What to produce: The output is a word-for-word repeat of the listing below, free of images.

Supplied information:
________________________

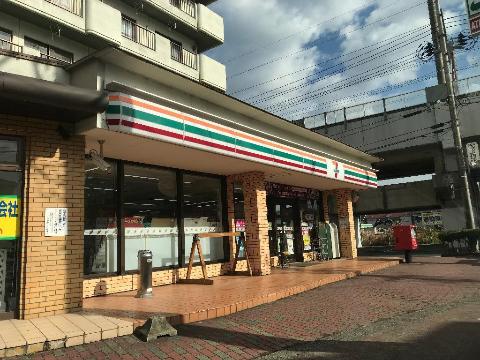 その他　セブンイレブン南福島店（その他）まで666m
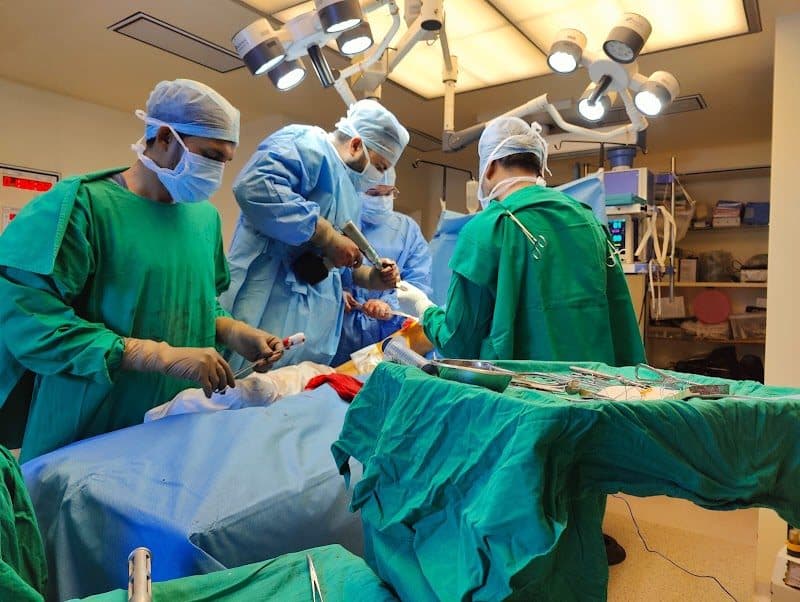 Dr. Ali Saify | Knee Replacement Surgeon | Orthopedic Doctor in indore Dr. Ali Saify | Knee Replacement Surgeon | Orthopedic Doctor in indore - Orthopedic Surgeon in Indore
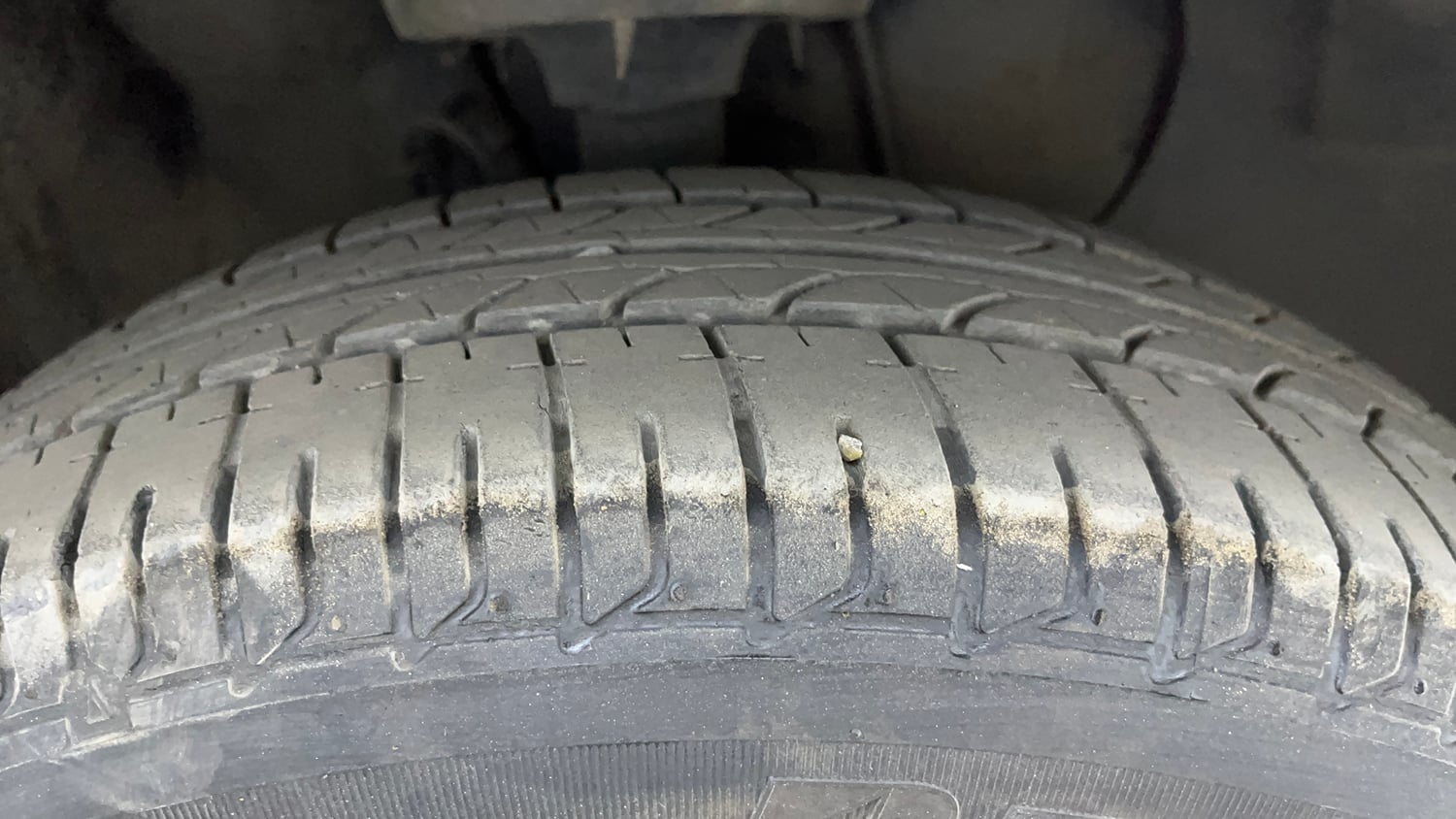 Used 2019 Hyundai Elite i20 Sportz Plus 1.2 Petrol Manual tyres RIGHT FRONT TYRE TREAD VIEW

________________________

Result of the task:
 その他　セブンイレブン南福島店（その他）まで666m
 Dr. Ali Saify | Knee Replacement Surgeon | Orthopedic Doctor in indore Dr. Ali Saify | Knee Replacement Surgeon | Orthopedic Doctor in indore - Orthopedic Surgeon in Indore
 Used 2019 Hyundai Elite i20 Sportz Plus 1.2 Petrol Manual tyres RIGHT FRONT TYRE TREAD VIEW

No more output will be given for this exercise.